The US Department of Energy’s (DOE) Interconnection Innovation e-Xchange (i2X) program has launched a draft roadmap to enhance processes for interconnecting clear power sources to the distribution and sub-transmission grids.
The draft doc offers stakeholders with 37 options organized round: growing knowledge entry, transparency and safety for interconnection; bettering interconnection processes and timelines; selling financial effectivity in interconnection; and sustaining a dependable, resilient and safe grid. The doc enhances the beforehand launched Transmission Interconnection Roadmap, which identifies near- to long-term options for addressing challenges in transmission system interconnection.
Interconnection points are a barrier to the deployment of distributed power sources (DERs) that produce and provide electrical energy on a small scale, comparable to distributed photo voltaic photovoltaics (PV), wind, EV charging gear and battery power storage.
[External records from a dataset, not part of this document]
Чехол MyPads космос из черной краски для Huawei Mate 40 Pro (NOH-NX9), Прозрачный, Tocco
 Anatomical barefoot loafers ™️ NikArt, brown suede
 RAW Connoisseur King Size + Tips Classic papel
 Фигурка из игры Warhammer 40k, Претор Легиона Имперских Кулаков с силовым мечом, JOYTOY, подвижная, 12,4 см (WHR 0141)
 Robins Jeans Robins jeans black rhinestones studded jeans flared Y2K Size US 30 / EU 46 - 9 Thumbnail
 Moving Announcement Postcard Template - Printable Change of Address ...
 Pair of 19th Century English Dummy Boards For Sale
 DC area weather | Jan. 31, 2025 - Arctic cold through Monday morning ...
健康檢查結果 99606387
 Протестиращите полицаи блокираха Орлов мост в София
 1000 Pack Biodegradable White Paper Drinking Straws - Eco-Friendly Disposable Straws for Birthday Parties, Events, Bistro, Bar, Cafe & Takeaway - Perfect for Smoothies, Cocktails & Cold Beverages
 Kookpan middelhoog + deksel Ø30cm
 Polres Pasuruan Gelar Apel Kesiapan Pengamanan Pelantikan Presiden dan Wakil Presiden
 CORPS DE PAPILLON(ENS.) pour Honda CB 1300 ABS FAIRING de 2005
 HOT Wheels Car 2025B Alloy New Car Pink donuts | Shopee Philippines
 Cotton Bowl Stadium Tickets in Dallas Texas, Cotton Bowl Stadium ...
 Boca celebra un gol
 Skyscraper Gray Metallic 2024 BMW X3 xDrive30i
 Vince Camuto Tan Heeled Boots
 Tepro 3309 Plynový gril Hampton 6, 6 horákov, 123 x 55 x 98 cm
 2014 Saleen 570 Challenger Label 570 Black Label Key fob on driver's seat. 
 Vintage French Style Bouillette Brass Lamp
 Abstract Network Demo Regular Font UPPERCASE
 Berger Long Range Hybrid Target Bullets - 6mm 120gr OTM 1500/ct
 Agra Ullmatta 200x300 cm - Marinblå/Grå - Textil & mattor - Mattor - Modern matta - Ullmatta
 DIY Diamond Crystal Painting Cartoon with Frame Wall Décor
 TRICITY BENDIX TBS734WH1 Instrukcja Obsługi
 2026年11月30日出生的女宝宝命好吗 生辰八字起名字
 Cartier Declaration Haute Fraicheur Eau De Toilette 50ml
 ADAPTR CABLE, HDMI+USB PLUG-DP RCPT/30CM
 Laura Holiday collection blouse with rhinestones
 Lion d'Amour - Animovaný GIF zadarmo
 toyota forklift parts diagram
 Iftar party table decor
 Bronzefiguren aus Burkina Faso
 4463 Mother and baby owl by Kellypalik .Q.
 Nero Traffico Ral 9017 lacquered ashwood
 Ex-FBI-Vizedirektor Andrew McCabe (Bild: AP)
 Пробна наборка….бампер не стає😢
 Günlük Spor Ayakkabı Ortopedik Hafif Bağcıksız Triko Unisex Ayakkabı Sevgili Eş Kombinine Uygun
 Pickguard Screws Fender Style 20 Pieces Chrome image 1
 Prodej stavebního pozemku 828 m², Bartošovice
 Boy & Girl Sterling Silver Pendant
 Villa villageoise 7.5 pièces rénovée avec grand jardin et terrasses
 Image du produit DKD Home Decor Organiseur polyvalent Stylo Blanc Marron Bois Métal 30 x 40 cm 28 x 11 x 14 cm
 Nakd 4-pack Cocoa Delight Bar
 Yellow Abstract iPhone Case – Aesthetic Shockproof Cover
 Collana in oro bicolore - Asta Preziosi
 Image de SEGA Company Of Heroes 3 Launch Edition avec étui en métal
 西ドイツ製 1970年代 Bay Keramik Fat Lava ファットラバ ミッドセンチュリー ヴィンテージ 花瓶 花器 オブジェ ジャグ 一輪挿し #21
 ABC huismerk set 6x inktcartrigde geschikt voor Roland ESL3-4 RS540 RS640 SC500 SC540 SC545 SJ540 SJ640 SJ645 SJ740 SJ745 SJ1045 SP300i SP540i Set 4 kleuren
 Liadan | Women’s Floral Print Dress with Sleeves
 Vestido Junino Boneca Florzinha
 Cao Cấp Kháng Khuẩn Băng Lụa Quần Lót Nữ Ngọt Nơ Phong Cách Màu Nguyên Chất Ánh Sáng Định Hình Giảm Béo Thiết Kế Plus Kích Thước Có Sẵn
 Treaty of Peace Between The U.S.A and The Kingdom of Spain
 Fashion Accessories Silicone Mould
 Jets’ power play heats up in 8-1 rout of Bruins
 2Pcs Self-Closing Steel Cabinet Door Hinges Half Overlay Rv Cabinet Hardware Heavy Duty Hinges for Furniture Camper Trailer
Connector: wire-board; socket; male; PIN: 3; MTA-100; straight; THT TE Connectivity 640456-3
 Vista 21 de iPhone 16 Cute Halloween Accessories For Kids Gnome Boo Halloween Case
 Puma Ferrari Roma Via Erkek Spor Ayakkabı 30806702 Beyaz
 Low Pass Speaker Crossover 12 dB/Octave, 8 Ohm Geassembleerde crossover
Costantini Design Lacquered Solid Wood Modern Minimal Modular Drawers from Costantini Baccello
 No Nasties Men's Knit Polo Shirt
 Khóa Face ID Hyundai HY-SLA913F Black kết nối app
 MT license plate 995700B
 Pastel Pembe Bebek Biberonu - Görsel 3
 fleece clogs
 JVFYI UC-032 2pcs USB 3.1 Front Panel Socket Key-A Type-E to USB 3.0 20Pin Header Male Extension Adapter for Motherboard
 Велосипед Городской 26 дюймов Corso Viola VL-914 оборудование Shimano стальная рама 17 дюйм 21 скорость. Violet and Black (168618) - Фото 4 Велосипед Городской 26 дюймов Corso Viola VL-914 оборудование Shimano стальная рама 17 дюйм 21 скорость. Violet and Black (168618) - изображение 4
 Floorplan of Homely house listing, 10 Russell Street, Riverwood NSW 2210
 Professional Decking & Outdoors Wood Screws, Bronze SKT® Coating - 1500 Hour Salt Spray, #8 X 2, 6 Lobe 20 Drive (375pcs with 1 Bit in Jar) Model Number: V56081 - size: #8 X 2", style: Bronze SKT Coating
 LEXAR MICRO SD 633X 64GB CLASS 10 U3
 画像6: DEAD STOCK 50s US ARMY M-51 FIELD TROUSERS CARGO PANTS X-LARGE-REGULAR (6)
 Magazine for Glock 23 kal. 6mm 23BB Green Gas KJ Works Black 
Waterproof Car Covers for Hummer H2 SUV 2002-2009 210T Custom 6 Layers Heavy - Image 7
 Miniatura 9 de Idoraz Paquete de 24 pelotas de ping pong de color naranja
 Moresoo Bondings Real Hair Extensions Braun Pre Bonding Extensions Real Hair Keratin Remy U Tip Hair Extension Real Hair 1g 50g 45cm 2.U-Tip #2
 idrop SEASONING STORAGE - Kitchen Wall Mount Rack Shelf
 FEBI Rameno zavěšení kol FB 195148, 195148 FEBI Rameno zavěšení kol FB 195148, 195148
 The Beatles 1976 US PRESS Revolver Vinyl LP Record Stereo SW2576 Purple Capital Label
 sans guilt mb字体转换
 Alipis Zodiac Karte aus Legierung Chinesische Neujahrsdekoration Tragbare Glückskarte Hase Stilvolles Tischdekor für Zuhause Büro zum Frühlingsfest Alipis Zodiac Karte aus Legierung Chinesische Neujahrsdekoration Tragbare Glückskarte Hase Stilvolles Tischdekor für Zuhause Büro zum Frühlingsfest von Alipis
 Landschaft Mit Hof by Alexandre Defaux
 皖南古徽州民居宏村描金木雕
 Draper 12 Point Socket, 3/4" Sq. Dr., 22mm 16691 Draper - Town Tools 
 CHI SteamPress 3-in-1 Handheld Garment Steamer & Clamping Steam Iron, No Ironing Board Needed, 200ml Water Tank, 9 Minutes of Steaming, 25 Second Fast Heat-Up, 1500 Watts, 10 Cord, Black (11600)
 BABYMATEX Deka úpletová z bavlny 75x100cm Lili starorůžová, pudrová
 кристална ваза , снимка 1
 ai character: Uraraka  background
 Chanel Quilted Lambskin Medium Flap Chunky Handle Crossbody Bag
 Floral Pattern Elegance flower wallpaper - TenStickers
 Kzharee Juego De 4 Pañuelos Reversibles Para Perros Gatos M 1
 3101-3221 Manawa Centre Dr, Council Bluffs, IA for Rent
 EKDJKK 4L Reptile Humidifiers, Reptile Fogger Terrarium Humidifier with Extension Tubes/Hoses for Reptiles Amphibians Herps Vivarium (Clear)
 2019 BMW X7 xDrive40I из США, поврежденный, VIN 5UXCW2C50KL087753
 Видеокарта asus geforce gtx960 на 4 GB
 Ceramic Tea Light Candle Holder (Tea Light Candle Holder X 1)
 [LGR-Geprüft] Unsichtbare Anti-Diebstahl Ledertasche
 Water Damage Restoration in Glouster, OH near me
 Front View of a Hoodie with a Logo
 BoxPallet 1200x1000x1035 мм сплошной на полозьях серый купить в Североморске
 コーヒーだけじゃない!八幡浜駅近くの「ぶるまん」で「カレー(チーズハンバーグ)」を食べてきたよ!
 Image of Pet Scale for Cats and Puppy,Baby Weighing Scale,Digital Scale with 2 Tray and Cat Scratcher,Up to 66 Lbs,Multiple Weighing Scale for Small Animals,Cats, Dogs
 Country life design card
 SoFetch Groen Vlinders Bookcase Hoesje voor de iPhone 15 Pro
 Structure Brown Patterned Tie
As requests to interconnect DERs to the grid proceed to rise, present processes can’t sustain, and the growing queue instances can delay the deployment of recent sources and jeopardize governmental renewable power targets.
“Connecting extra distributed power sources will enhance grid reliability and decrease power prices in communities throughout America,” stated Jeff Marootian, Principal Deputy Assistant Secretary for Power Effectivity and Renewable Power. “Options on this roadmap can assist all states or areas—no matter their present deployment ranges—pace up interconnection and profit from clear power.”